━━━ Input material

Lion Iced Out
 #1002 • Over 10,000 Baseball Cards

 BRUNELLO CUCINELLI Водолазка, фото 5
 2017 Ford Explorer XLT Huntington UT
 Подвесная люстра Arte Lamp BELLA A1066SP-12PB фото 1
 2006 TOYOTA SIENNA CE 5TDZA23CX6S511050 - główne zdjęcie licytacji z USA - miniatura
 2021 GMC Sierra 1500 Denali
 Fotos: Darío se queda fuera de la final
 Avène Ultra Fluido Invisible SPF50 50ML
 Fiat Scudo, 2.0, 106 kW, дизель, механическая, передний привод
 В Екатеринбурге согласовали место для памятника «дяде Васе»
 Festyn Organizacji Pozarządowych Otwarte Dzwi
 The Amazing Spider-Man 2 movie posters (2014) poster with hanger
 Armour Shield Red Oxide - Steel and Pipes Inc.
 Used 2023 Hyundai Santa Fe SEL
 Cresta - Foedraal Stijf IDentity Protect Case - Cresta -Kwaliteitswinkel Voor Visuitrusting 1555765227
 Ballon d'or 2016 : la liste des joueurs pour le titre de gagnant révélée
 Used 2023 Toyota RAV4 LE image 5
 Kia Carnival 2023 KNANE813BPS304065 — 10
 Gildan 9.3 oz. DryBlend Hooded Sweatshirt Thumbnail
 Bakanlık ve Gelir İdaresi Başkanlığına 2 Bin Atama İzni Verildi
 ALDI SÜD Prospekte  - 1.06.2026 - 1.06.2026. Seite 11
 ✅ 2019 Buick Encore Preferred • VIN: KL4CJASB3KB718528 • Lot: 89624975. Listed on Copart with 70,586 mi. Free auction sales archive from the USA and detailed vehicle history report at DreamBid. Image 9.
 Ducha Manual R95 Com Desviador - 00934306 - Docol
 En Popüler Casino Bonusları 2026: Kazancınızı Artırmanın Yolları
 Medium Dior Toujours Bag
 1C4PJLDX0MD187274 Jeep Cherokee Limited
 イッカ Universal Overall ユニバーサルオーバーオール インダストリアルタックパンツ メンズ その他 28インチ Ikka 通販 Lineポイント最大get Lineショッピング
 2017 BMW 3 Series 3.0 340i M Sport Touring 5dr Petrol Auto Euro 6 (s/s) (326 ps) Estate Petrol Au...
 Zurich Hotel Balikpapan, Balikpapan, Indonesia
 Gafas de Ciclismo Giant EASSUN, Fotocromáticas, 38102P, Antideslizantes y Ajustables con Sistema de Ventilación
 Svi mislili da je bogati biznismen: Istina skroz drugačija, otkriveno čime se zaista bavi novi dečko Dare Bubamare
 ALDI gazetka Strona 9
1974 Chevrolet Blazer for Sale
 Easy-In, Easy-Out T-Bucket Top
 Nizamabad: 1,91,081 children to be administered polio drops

━━━━━━

Brief: The data above is to be restated line for line, word for word.

Response box:
Lion Iced Out
 #1002 • Over 10,000 Baseball Cards

 BRUNELLO CUCINELLI Водолазка, фото 5
 2017 Ford Explorer XLT Huntington UT
 Подвесная люстра Arte Lamp BELLA A1066SP-12PB фото 1
 2006 TOYOTA SIENNA CE 5TDZA23CX6S511050 - główne zdjęcie licytacji z USA - miniatura
 2021 GMC Sierra 1500 Denali
 Fotos: Darío se queda fuera de la final
 Avène Ultra Fluido Invisible SPF50 50ML
 Fiat Scudo, 2.0, 106 kW, дизель, механическая, передний привод
 В Екатеринбурге согласовали место для памятника «дяде Васе»
 Festyn Organizacji Pozarządowych Otwarte Dzwi
 The Amazing Spider-Man 2 movie posters (2014) poster with hanger
 Armour Shield Red Oxide - Steel and Pipes Inc.
 Used 2023 Hyundai Santa Fe SEL
 Cresta - Foedraal Stijf IDentity Protect Case - Cresta -Kwaliteitswinkel Voor Visuitrusting 1555765227
 Ballon d'or 2016 : la liste des joueurs pour le titre de gagnant révélée
 Used 2023 Toyota RAV4 LE image 5
 Kia Carnival 2023 KNANE813BPS304065 — 10
 Gildan 9.3 oz. DryBlend Hooded Sweatshirt Thumbnail
 Bakanlık ve Gelir İdaresi Başkanlığına 2 Bin Atama İzni Verildi
 ALDI SÜD Prospekte  - 1.06.2026 - 1.06.2026. Seite 11
 ✅ 2019 Buick Encore Preferred • VIN: KL4CJASB3KB718528 • Lot: 89624975. Listed on Copart with 70,586 mi. Free auction sales archive from the USA and detailed vehicle history report at DreamBid. Image 9.
 Ducha Manual R95 Com Desviador - 00934306 - Docol
 En Popüler Casino Bonusları 2026: Kazancınızı Artırmanın Yolları
 Medium Dior Toujours Bag
 1C4PJLDX0MD187274 Jeep Cherokee Limited
 イッカ Universal Overall ユニバーサルオーバーオール インダストリアルタックパンツ メンズ その他 28インチ Ikka 通販 Lineポイント最大get Lineショッピング
 2017 BMW 3 Series 3.0 340i M Sport Touring 5dr Petrol Auto Euro 6 (s/s) (326 ps) Estate Petrol Au...
 Zurich Hotel Balikpapan, Balikpapan, Indonesia
 Gafas de Ciclismo Giant EASSUN, Fotocromáticas, 38102P, Antideslizantes y Ajustables con Sistema de Ventilación
 Svi mislili da je bogati biznismen: Istina skroz drugačija, otkriveno čime se zaista bavi novi dečko Dare Bubamare
 ALDI gazetka Strona 9
1974 Chevrolet Blazer for Sale
 Easy-In, Easy-Out T-Bucket Top
 Nizamabad: 1,91,081 children to be administered polio drops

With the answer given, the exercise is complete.